The Heritage Health Prize is potentially the largest prediction prize yet at $3M, which is sure to get many people interested. Several elements of the competition may be worth discussing.
- The most straightforward way for HPN to deploy this predictor is in determining who to cover with insurance. This might easily cover the costs of running the contest itself, but the value to the health system of a whole is minimal, as people not covered still exist. While HPN itself is a provider network, they have active relationships with a number of insurance companies, and the right to resell any entrant. It’s worth keeping in mind that the research and development may nevertheless end up being useful in the longer term, especially as entrants also keep the right to their code.

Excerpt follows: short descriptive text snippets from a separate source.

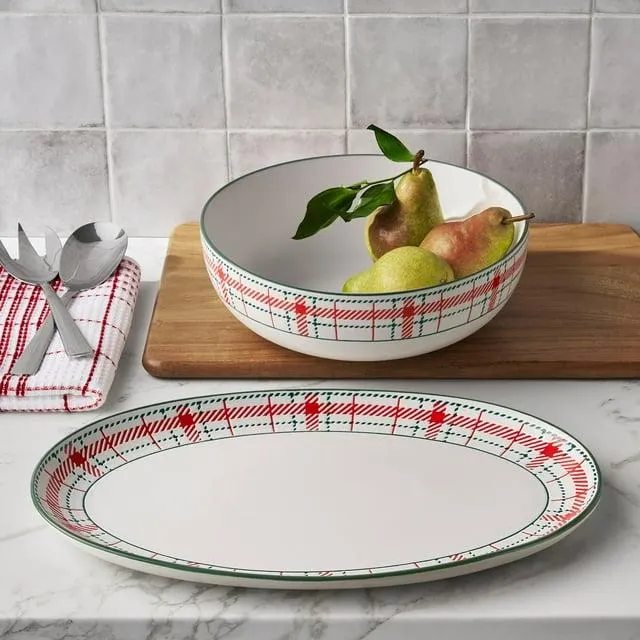 Member's Mark 2-Piece Stoneware Holiday Serveware Set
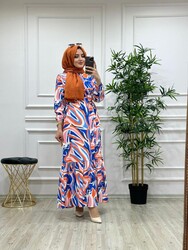6300 BAHAR ELBİSE K60 TURUNCU BEYAZ - Thumbnail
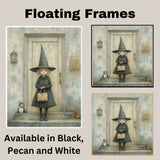 Whimsical Halloween Portrait of Little Witch Girl with Vintage Purse and Kitten on an Aged Porch, Subtle Spooky Charm in Soft Muted Autumn Tones on Ready to Hang 1.5" Thick Canvas Wrap, Floating Framed Canvas, Flat Rolled Canvas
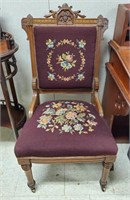 Victorian Eastlake Chair w/ Floral Needlepoint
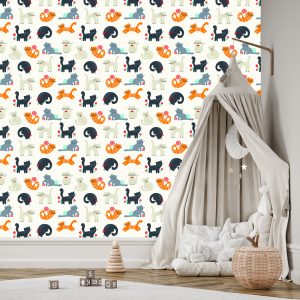 Papier Peint Pour Les Enfants - Lovely Cats - Style Scandinave – Image 3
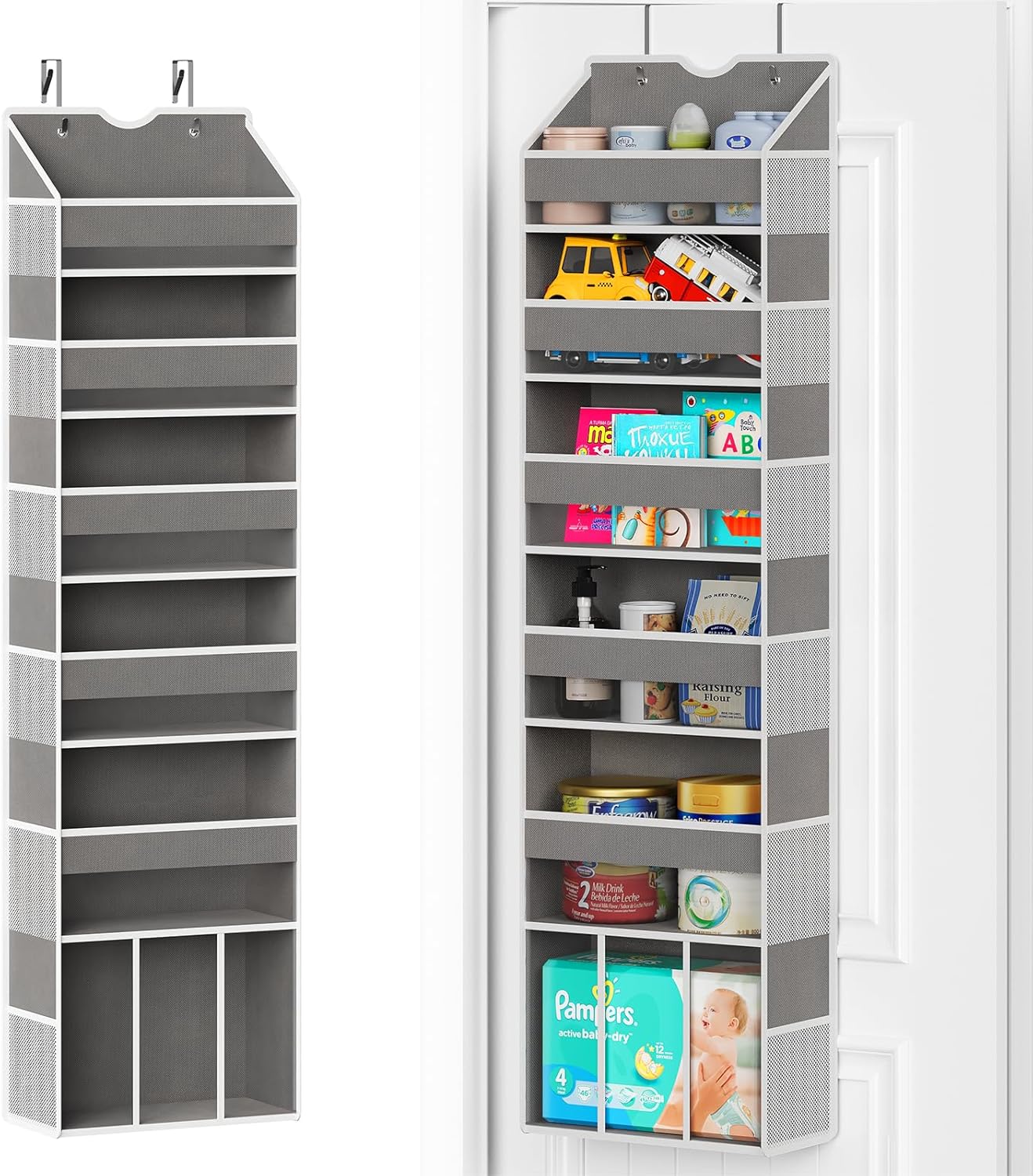 Over The Door Organizer Hanging - 6 Shelf Over Door Organizers with 6 Clear Front & 12 Side Pockets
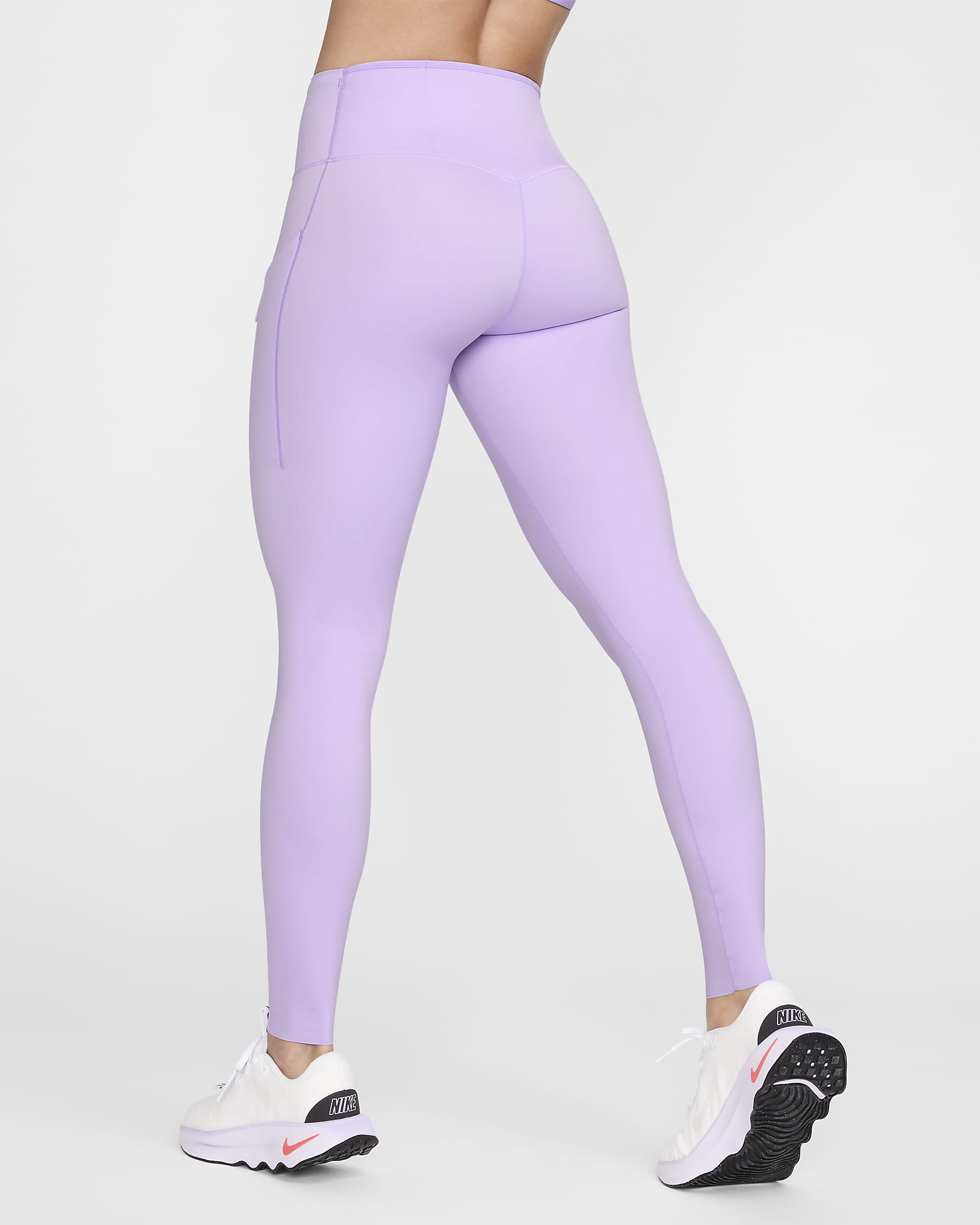 Nike Go Leggings de longitud completa, talle medio y sujeción firme con bolsillos - Mujer - Lilac Bloom/Negro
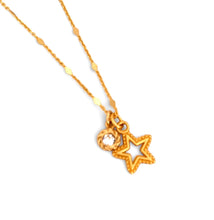 Star Charm with Cristal on Cata Necklace Short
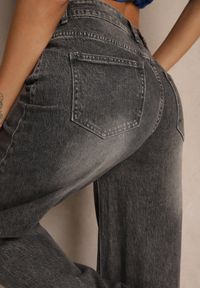 Renee - Szare Jeansy High Waist o Szerokim Kroju Tessine. Stan: podwyższony. Kolor: szary. Styl: sportowy #5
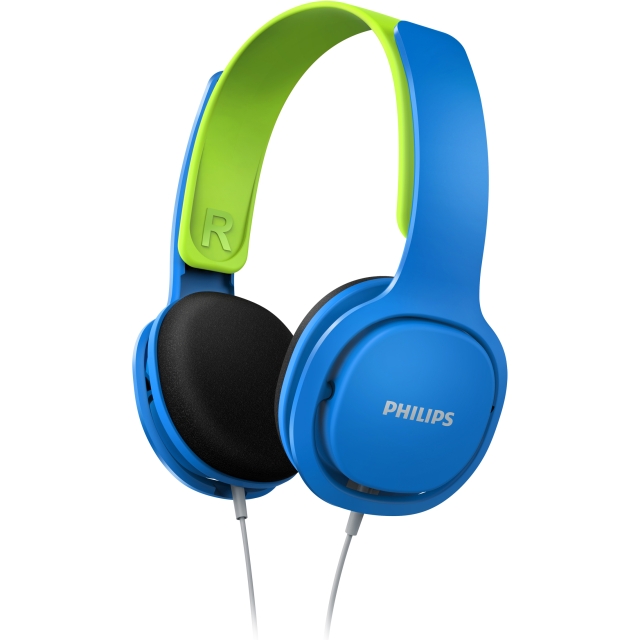 Philips Headphones for children. Limited maximum volume. Cord. Blue color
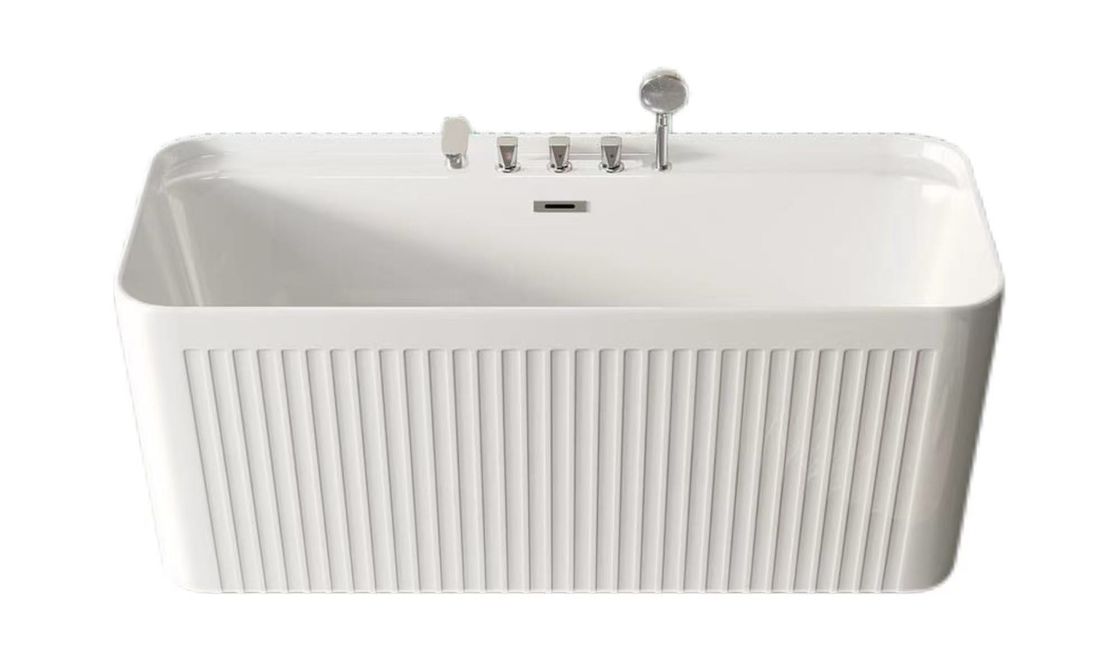 Adults Rectangle Acrylic Soaking Tubs White 51 Inch Freestanding Tub ODM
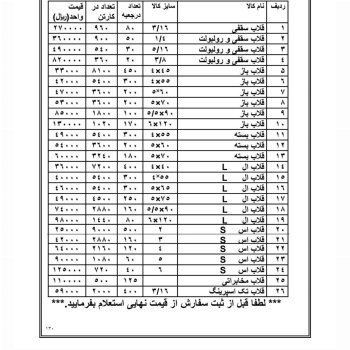 لیست قیمت جدید محصولات تولیدی هیکو خدمت شما عزیزان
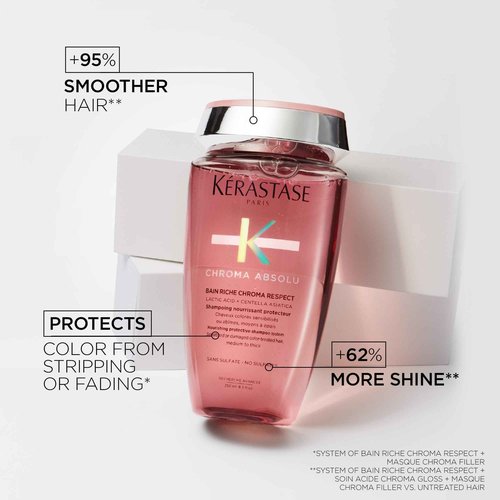 Kerastase Chroma Absolu Chroma Respect Shampoo Riche For Sensitized or Damaged Color-Treated Hair - Protects and Nourishes Medium To Thick Hair, with Lactic Acid, 16.9 Fl Oz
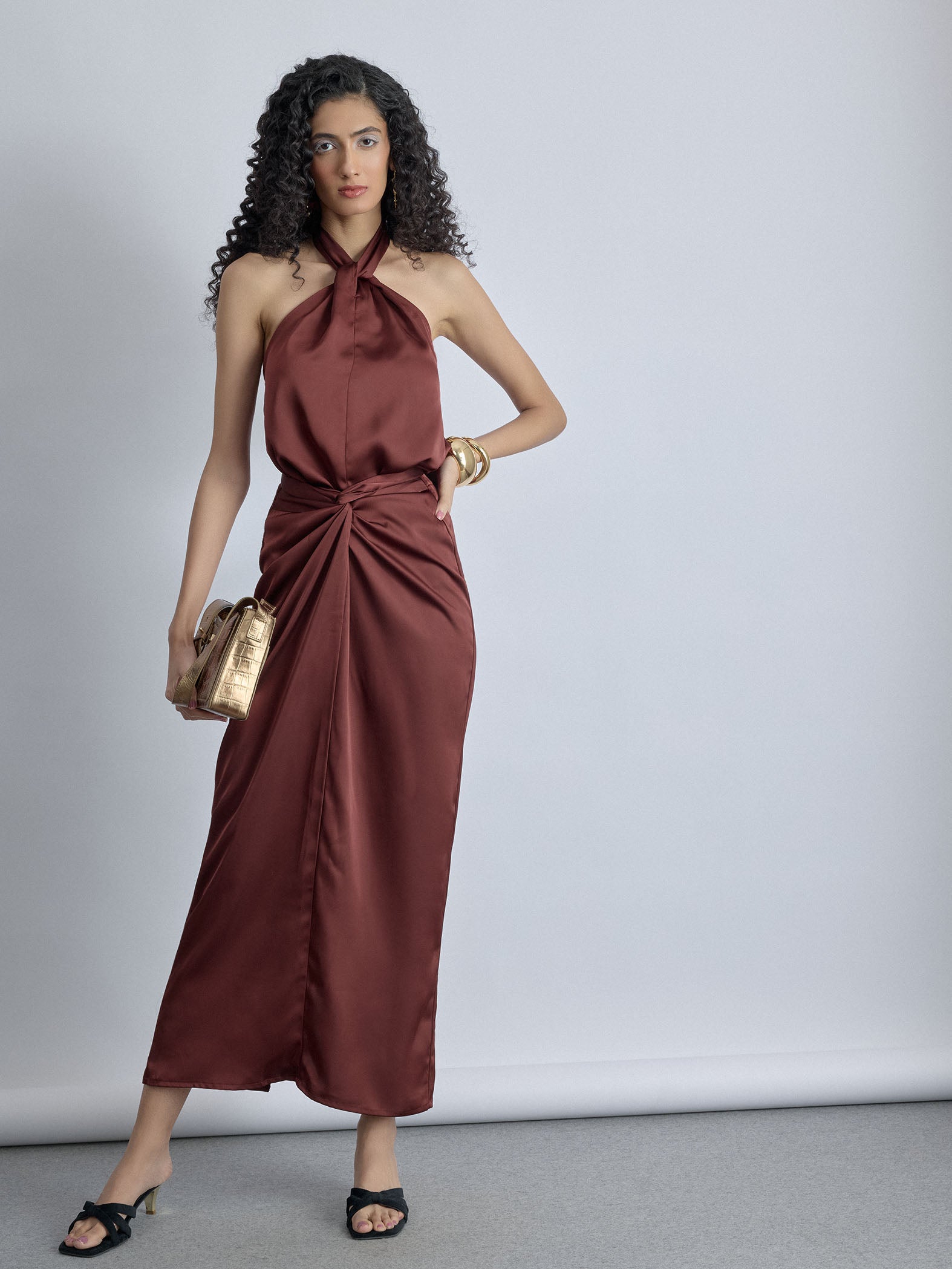 Terracotta Satin Draped Skirt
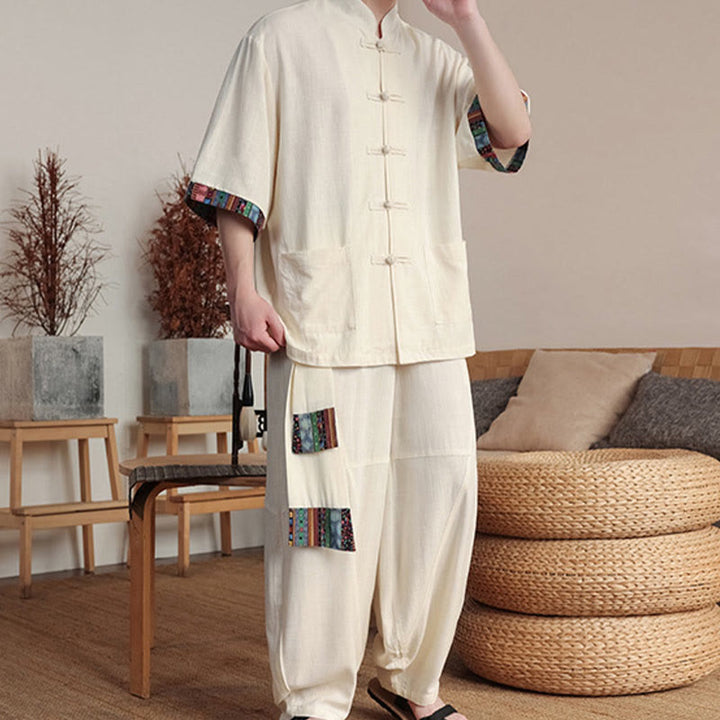 Buddha Stones 2 pezzi patchwork cinese rana-bottoni camicia pantaloni gamba larga uomo meditazione panno set con tasche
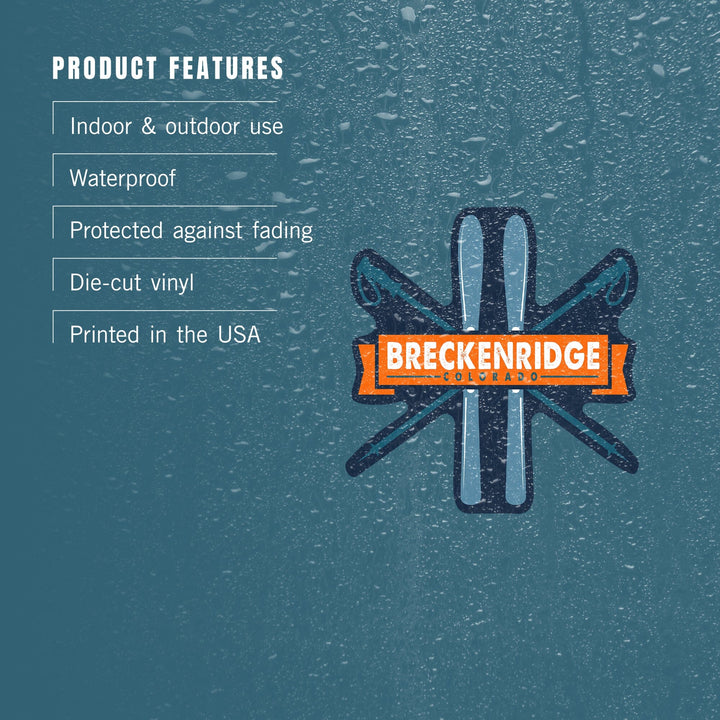 Breckenridge, Colorado, Skis and Poles, Contour, Lantern Press Artwork, Vinyl Sticker - Lantern Press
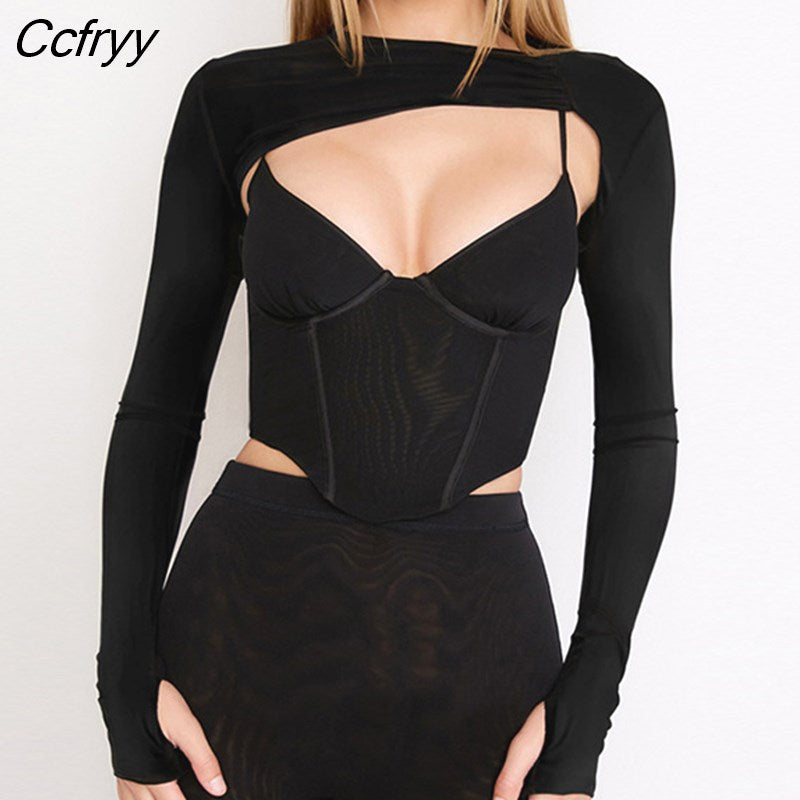 Kai Black Bustier Crop Top for Women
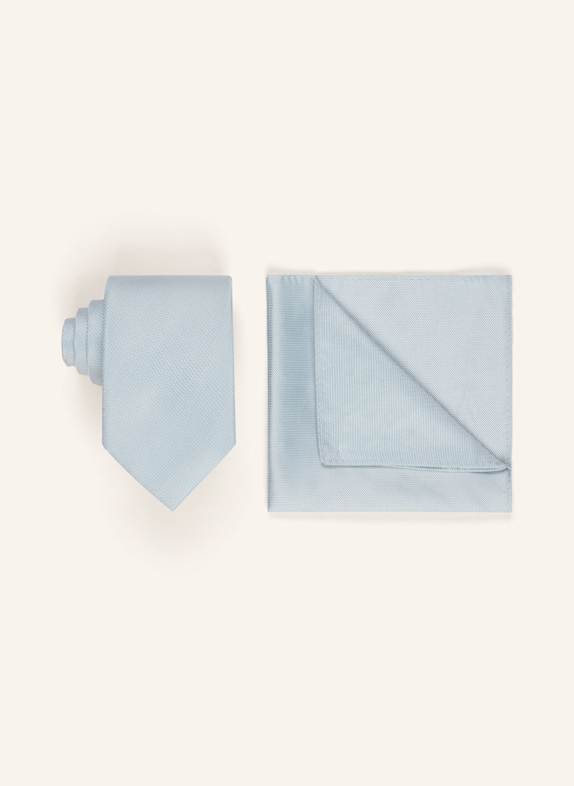 PAUL Set: Tie and pocket square TURQUOISE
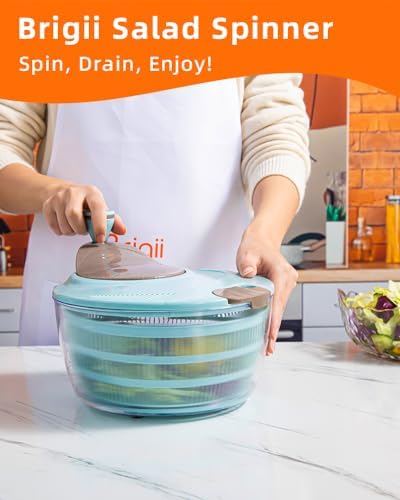 Brigii Salad Spinner, 4.24 Quart Lettuce Spinner, Vegetable Spinner - Image 2
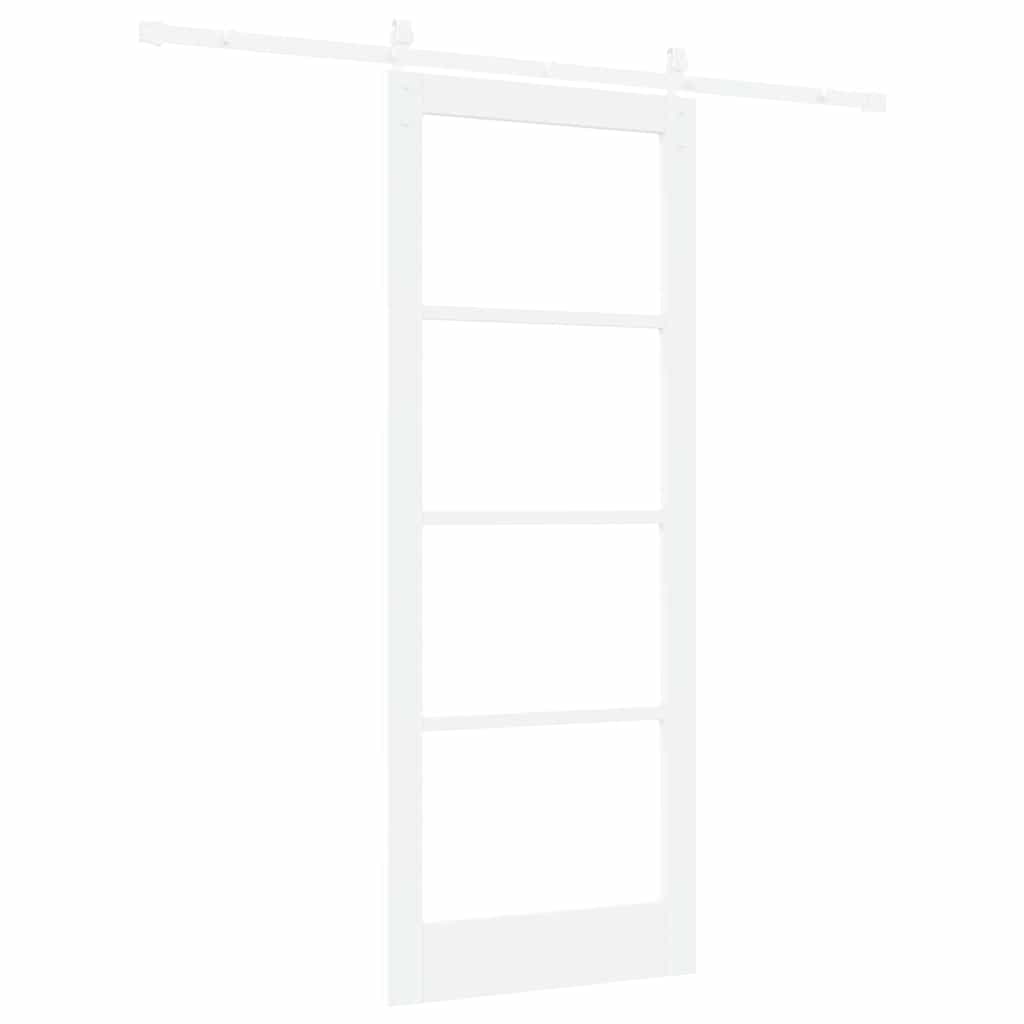 Skyvedør ORKDAL Hvit 83 x 211 cm Massivt furutre og glass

- The judging metric is something I haven’t seen previously. If a patient has probability 0.5 of being in the hospital 0 days and probability 0.5 of being in the hospital ~53.6 days, the optimal prediction in expectation is ~6.4 days. This is evidence against point (1) above, since cost is probably closer to linear in the number of hospital days. As a starting point, I suspect many people will simply optimize conditional squared loss and then back out an inferred prediction according to p=ex-1, with clipping. The standard approach of ensembling should be effective.
- The team structure seems a bit strange to me. I’m not sure there is a good reason for it from a prediction point of view and 8 may be too hard a limit on team size, imposing bin packing problems on the entrants.
- Privacy is clearly a huge concern. They anonymized the data, require entrants to protect the data, and admonish people to not try to break privacy. Despite that, the data will be released to large numbers of people, so I wouldn’t be surprised if someone attempts a join attack of some sort. Whether or not a join attack succeeds could make a huge difference in how this contest is viewed in the long term.
- The Accuracy Threshold is a big deal. If they set it at an out-of-reach point (which they could easily do), the size of the prize becomes 0.5M. This part of the contest is supposed to be determined next month.
This contest is not a slam-dunk, but is has the potential to become one, and I’ll be interested to see how it turns out.
Given the contest rules, most people in the industry will have to skip this one:
By registering for the Competition, each Entrant (a) grants to Sponsor and its designees a worldwide, exclusive (except with respect to Entrant), sub-licensable (through multiple tiers), transferable, fully paid-up, royalty-free, perpetual, irrevocable right to use, not use, reproduce, distribute (through multiple tiers), create derivative works of, publicly perform, publicly display, digitally perform, make, have made, sell, offer for sale and import the entry and the algorithm used to produce the entry, as well as any other algorithm, data or other information whatsoever developed or produced at any time using the data provided to Entrant in this Competition (collectively, the “Licensed Materials”), in any media now known or hereafter developed, for any purpose whatsoever, commercial or otherwise, without further approval by or payment to Entrant (the “License”) and (b) represents that he/she/it has the unrestricted right to grant the License. Entrant understands and agrees that the License is exclusive except with respect to Entrant: Entrant may use the Licensed Materials solely for his/her/its own patient management and other internal business purposes but may not grant or otherwise transfer to any third party any rights to or interests in the Licensed Materials whatsoever.
Anyone (faculty, postdocs, graduate students, etc) who works at a university will have signed an intellectual property agreement that conflicts with this pretty severely. So academic researchers are out too. I suppose it is just for the self-employed.
So does this mean that they own the whole thing or can the entrant also later, when the competition ends, publish the entry for anyone else to use, if he wishes (without the data set ofcause)?